== Exercise goal ==
With the pictures left aside, write out exactly the lines of the listing below from the line with "Coming to the" to the line with "For example here, the", both included, and only those.

== Records for the task ==
····················

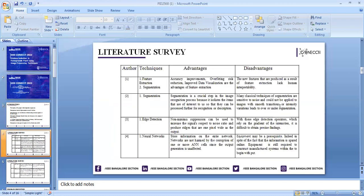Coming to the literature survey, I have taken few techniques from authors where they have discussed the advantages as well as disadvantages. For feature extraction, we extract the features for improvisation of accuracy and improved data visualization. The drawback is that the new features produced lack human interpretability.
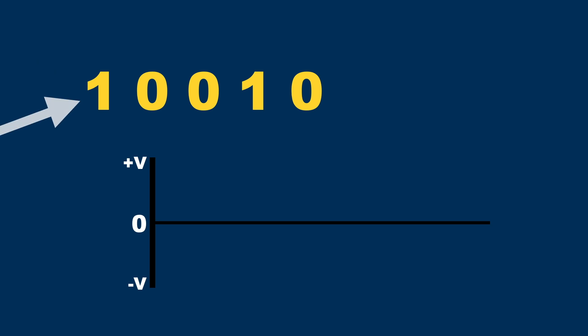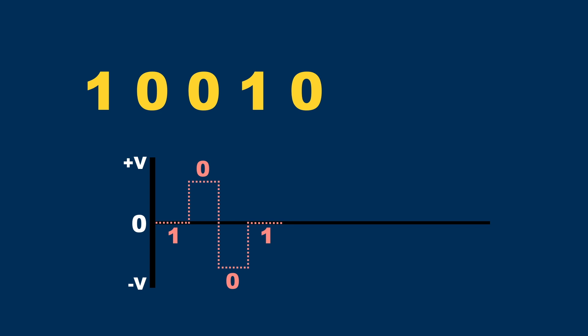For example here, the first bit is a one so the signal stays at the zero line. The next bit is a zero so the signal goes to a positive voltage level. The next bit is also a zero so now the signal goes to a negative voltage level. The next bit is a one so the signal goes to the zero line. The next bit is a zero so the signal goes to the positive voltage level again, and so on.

····················

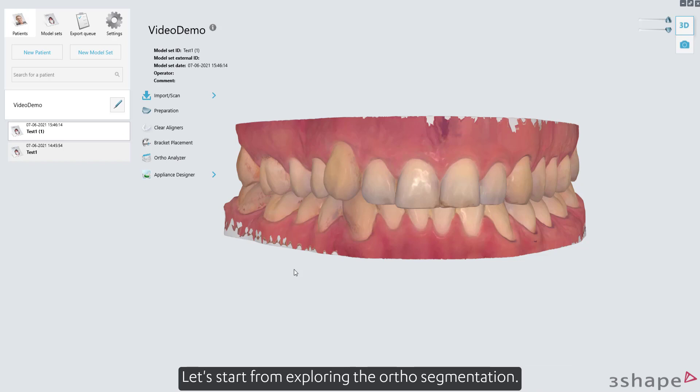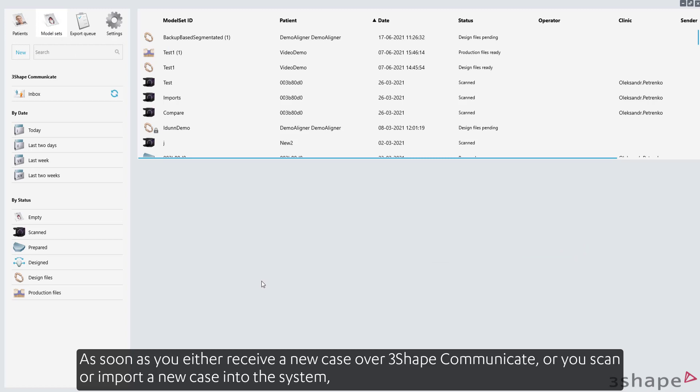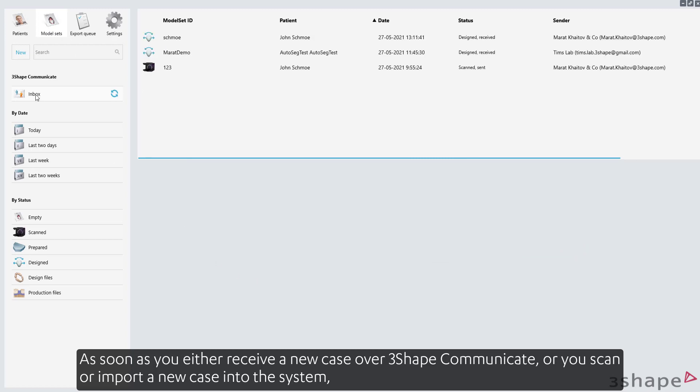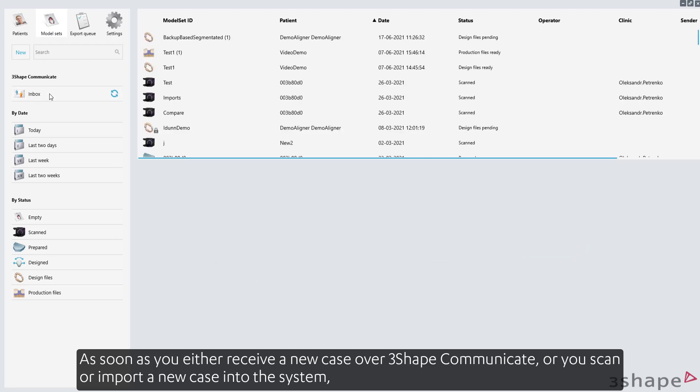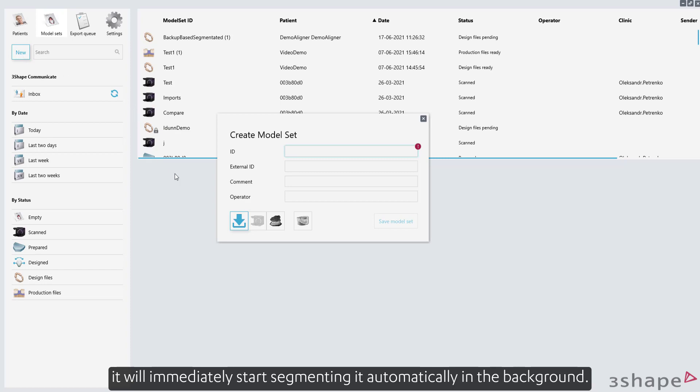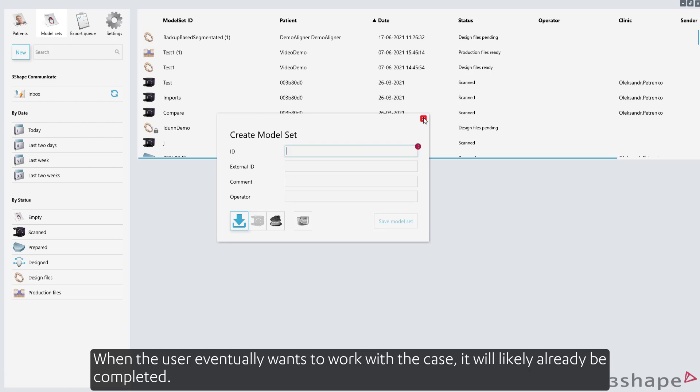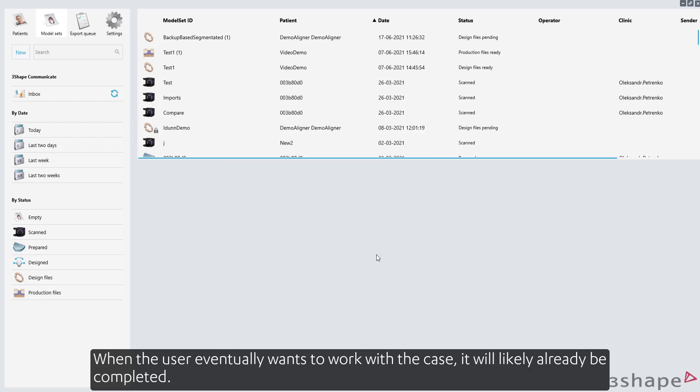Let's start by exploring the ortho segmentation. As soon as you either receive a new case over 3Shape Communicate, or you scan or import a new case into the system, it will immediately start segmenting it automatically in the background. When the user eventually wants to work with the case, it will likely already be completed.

····················

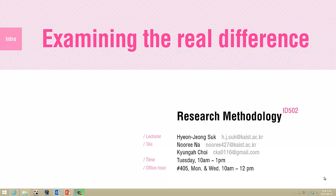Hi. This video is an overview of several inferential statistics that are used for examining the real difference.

····················

== Result of the exercise ==
Coming to the literature survey, I have taken few techniques from authors where they have discussed the advantages as well as disadvantages. For feature extraction, we extract the features for improvisation of accuracy and improved data visualization. The drawback is that the new features produced lack human interpretability.
For example here, the first bit is a one so the signal stays at the zero line. The next bit is a zero so the signal goes to a positive voltage level. The next bit is also a zero so now the signal goes to a negative voltage level. The next bit is a one so the signal goes to the zero line. The next bit is a zero so the signal goes to the positive voltage level again, and so on.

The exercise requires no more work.